The USPTO refused registration of the mark FILAMENT TOWER for LED fixtures and light bulbs, concluding that the specimens of use differed materially from the drawing of the mark in the application. Applicant argued that FILAMENT TOWER, used in the phrase "Cree LED Filament Tower Technology" [see specimen below] will be perceived as a trademark. The Board rendered a split decision. How do you think this came out? In re Cree, Inc., Serial No. 85838153 (November 8, 2016) [not precedential].
The issue of "mutilation" may arise when the mark as depicted in a trademark specimen does not match the mark depicted in the application drawing. The drawing must be a "substantially exact representation" of the mark as used. Rule 2.51(b). When "essential and integral subject matter" is missing from the drawing, the mark may not be registered. TMEP Section 807.12(d).
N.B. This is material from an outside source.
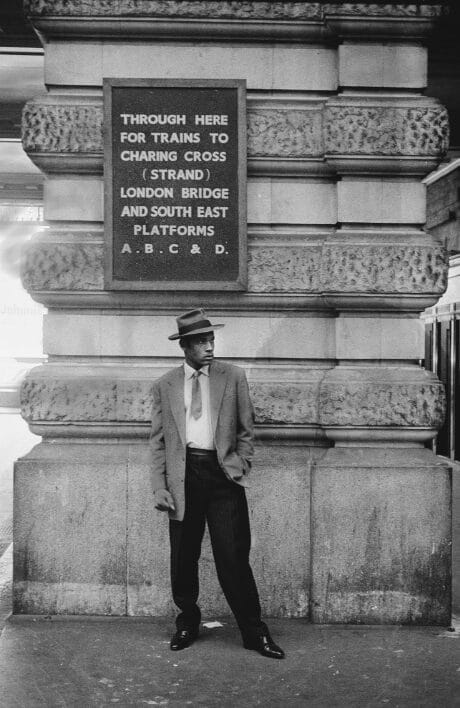 A man standing in front of a sign that says 'Through here for trains to Charing Cross London Bridge and South East Platforms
The issue before the Board was whether FILAMENT TOWER "is a complete mark or merely part of a larger mark. In other words, are 'Cree LED' and 'Technology' essential and integral subject matter missing from the drawing?"
The panel majority concluded that the mark shown in the application drawing, FILAMENT TOWER, is manifestly not a substantially exact representation of the mark that applicant is using. Does FILAMENT TOWER, as it appears on the specimens, create a separate and distinct commercial impression?
There is nothing to distinguish or separate FILAMENT TOWER from the rest of the phrase. There was no evidence showing applicant's use of FILAMENT TOWER as a stand-alone mark, which would have reinforced its significance as a mark separate from the rest of the phrase.
Despite the fact that Applicant, based on this record, is always using FILAMENT TOWER in conjunction with the phrase "Cree LED Filament Tower" or "Cree LED Filament Tower Technology," Applicant is asking consumers, who are merely interested in buying a light bulb, to parse "Cree LED Filament Tower" or "Cree LED Filament Tower Technology" into its component parts (i.e., the Cree house mark, the generic term LED, the trademark at issue Filament Tower, and Technology which is just a puff term to show the sophistication of the product) even though there is nothing in the way the phrase is displayed that would distinguish the components.
The fact that applicant sometimes uses the "TM" symbol after the word "Tower" did not help, since the symbol might equally be seen to apply to the phrase "Cree LED Filament Tower."
The panel majority concluded that the mark in the application is a mutilation of the mark as actually used, and therefore it affirmed the refusal.
Judge Ritchie, in dissent, opined that because Cree is applicant's trade name, and LED names the product, the term Filament Tower creates a separate and distinct commercial impression.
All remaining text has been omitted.